Bitcoin (BTC) Price Teases $38K Again as Fed Members Publicly Disagree on Economic Outlook 

Bitcoin price is likely to push higher in December despite the regulatory pressure in the United States as the Fed struggles to lower inflation to 2 percent.

The Bitcoin (BTC) narrative as a global reserve currency is fast catching up with poor monetary policies around the world. In the past 24 hours, Bitcoin price edged 2.2 percent higher to revisit this year’s all-time high of around $38,377. More institutional investors in the United States are pushing for the approval of spot Bitcoin exchange-traded funds (ETF) despite the regulatory hurdles. On Tuesday, the United States Securities and Exchange Commission (SEC) opted to delay the Bitcoin spot ETF application by the $1.5 trillion fund manager, Franklin Templeton Investments Inc (NYSE: BEN). Nonetheless, the fund manager was not dismayed by the decision and opted to submit an updated proposal for a spot Bitcoin ETF before the end of the day.

Bitcoin Flourishes on Fed Members’ Uncertainty on Monetary Policy

Bitcoin price is likely to close the year trading above $40,000 purely fueled by the recent events in the United States. Notably, the United States has accelerated its crackdown on crypto-related companies – as shown by Binance Holdings Ltd, Kraken, and Bybit- in a bid to tame the high inflation. However, their desperate actions seem to be publicizing Bitcoin and digital assets to more investors. Furthermore, Bitcoin’s trading volume has significantly increased in the recent past with on-chain data showing that the supply on centralized exchanges has declined to the lowest level since 2017.
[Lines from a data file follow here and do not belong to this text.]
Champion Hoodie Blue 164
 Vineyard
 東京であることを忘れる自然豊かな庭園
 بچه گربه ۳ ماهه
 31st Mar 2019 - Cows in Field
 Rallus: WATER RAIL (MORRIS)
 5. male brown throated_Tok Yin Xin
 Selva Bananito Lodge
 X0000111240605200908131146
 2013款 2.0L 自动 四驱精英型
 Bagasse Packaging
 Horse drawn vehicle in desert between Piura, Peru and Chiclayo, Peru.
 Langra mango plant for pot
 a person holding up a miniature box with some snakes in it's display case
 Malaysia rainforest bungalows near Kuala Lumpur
On Tuesday, three Fed members – Chicago President Austan Goolsbee, Governor Christopher Waller, and Governor Michelle Bowman – spoke on the issue of monetary policies meant to tame the high inflation. From their comments, it was evident that the Fed is divided on how to game the high inflation, whether to lower, hike, or flatten the interest rates. “While I am encouraged by the early signs of moderating economic activity in the fourth quarter based on the data in hand, inflation is still too high, and it is too early to say whether the slowing we are seeing will be sustained. But I am increasingly confident that policy is currently well positioned to slow the economy and get inflation back to 2 percent,” Waller noted.

Notably, Waller highlighted that the Fed could soon start lowering interest rates if the inflation continues to ease over the next three to five months. A different opinion was expressed by Bowman on Tuesday on how to tame the high-interest rates. According to Bowman, the Fed needs to continue with interest rate hikes in the coming months in order to tame the high inflation. While on it, Wall Street analysts expect the Fed to hold the lending rate at a range between 5.25 and 5.50 percent.

“My baseline economic outlook continues to expect that we will need to increase the federal funds rate further to keep policy sufficiently restrictive to bring inflation down to our 2 percent target in a timely way,” Bowman said.